Re: [External] : Re: [PATCH v14 3/6] locking/qspinlock: Introduce CNA into the slow path of qspinlock

From: Alex Kogan
Date: Tue Apr 13 2021 - 22:30:13 EST


Peter, thanks for all the comments and suggestions!

> On Apr 13, 2021, at 7:30 AM, Peter Zijlstra <peterz@xxxxxxxxxxxxx> wrote:
>
> On Thu, Apr 01, 2021 at 11:31:53AM -0400, Alex Kogan wrote:
>
>> +/*
>> + * cna_splice_tail -- splice the next node from the primary queue onto
>> + * the secondary queue.
>> + */
>> +static void cna_splice_next(struct mcs_spinlock *node,
>> + struct mcs_spinlock *next,
>> + struct mcs_spinlock *nnext)
>
> You forgot to update the comment when you changed the name on this
> thing.
Good catch, thanks.

>
>> +/*
>> + * cna_order_queue - check whether the next waiter in the main queue is on
>> + * the same NUMA node as the lock holder; if not, and it has a waiter behind
>> + * it in the main queue, move the former onto the secondary queue.
>> + */
>> +static void cna_order_queue(struct mcs_spinlock *node)
>> +{
>> + struct mcs_spinlock *next = READ_ONCE(node->next);
>> + struct cna_node *cn = (struct cna_node *)node;
>> + int numa_node, next_numa_node;
>> +
>> + if (!next) {
>> + cn->partial_order = LOCAL_WAITER_NOT_FOUND;
>> + return;
>> + }
>> +
>> + numa_node = cn->numa_node;
>> + next_numa_node = ((struct cna_node *)next)->numa_node;
>> +
>> + if (next_numa_node != numa_node) {
>> + struct mcs_spinlock *nnext = READ_ONCE(next->next);
>> +
>> + if (nnext) {
>> + cna_splice_next(node, next, nnext);
>> + next = nnext;
>> + }
>> + /*
>> + * Inherit NUMA node id of primary queue, to maintain the
>> + * preference even if the next waiter is on a different node.
>> + */
>> + ((struct cna_node *)next)->numa_node = numa_node;
>> + }
>> +}
>
> So the obvious change since last time I looked a this is that it now
> only looks 1 entry ahead.
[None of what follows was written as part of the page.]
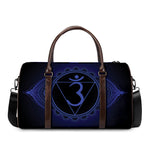 Ajna Chakra Symbol Print Duffle Bag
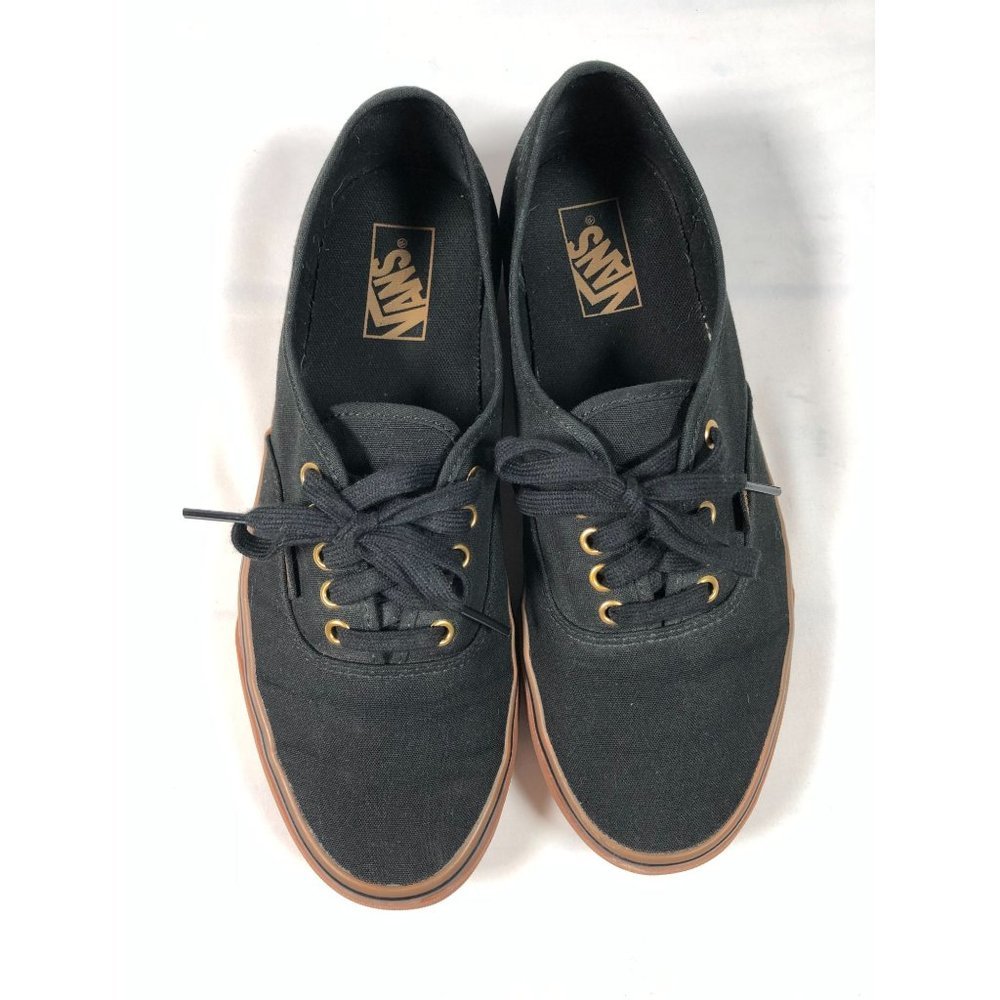 By VANS- rare , Black/brown classic Kicks -men Size 11 - Picture 3 of 7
Which makes sense I suppose.
This is in response to the critique that the worst-case time complexity of
cna_order_queue() was O(n). With this change, the complexity is constant.

>
> I'm not really a fan of the 'partial_order' name combined with that
> silly enum { LOCAL_WAITER_FOUND, LOCAL_WAITER_NOT_FOUND }. That's just
> really bad naming all around. The enum is about having a waiter while
> the variable is about partial order, that doesn't match at all.
Fair enough.

> If you rename the variable to 'has_waiter' and simply use 0,1 values,
> things would be ever so more readable. But I don't think that makes
> sense, see below.
>
> I'm also not sure about that whole numa_node thing, why would you
> over-write the numa node, why at this point ?
With this move-one-by-one approach, I want to keep the NUMA-node
preference of the lock holder even if the next-next waiter is on a different
NUMA-node. Otherwise, we will end up switching preference often and
the entire scheme would not perform well. In particular, we might easily
end up with threads from the preferred node waiting in the secondary queue.

>
>> +
>> +/* Abuse the pv_wait_head_or_lock() hook to get some work done */
>> +static __always_inline u32 cna_wait_head_or_lock(struct qspinlock *lock,
>> + struct mcs_spinlock *node)
>> +{
>> + /*
>> + * Try and put the time otherwise spent spin waiting on
>> + * _Q_LOCKED_PENDING_MASK to use by sorting our lists.
>> + */
>> + cna_order_queue(node);
>> +
>> + return 0; /* we lied; we didn't wait, go do so now */
>
> So here we inspect one entry ahead and then quit. I can't rmember, but
> did we try something like:
>
> /*
> * Try and put the time otherwise spent spin waiting on
> * _Q_LOCKED_PENDING_MASK to use by sorting our lists.
> * Move one entry at a go until either the list is fully
> * sorted or we ran out of spin condition.
> */
> while (READ_ONCE(lock->val) & _Q_LOCKED_PENDING_MASK &&
> node->partial_order)
> cna_order_queue(node);
>
> return 0;
>
> This will keep moving @next to the remote list until such a time that
> we're forced to continue or @next is local.
We have not tried that. This is actually an interesting idea, with its pros and cons.
That is, we are likely to filter out “non-preferred” waiters into the secondary queue
faster, but also we are more likely to run into a situation where the lock becomes
available at the time we are running the cna_order_queue() logic, thus prolonging
the handover time.

With this change, however, there is no need to call cna_order_queue() again
in cna_lock_handoff(), which is another advantage I guess.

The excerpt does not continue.